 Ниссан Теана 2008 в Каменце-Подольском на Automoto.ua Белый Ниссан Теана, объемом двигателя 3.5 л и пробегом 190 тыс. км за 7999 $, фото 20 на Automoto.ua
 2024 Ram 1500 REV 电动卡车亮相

________________

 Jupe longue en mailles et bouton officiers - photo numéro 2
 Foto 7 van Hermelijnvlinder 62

________________

◆ **What you have to do**:
Could you retype exactly the lines above, starting at the line that contains "Jupe longue en" and ending at the line that contains "Foto 7 van Hermelijnvlinder 62", and nothing more?

◆ **Answer to this exercise**:
 Jupe longue en mailles et bouton officiers - photo numéro 2
 Foto 7 van Hermelijnvlinder 62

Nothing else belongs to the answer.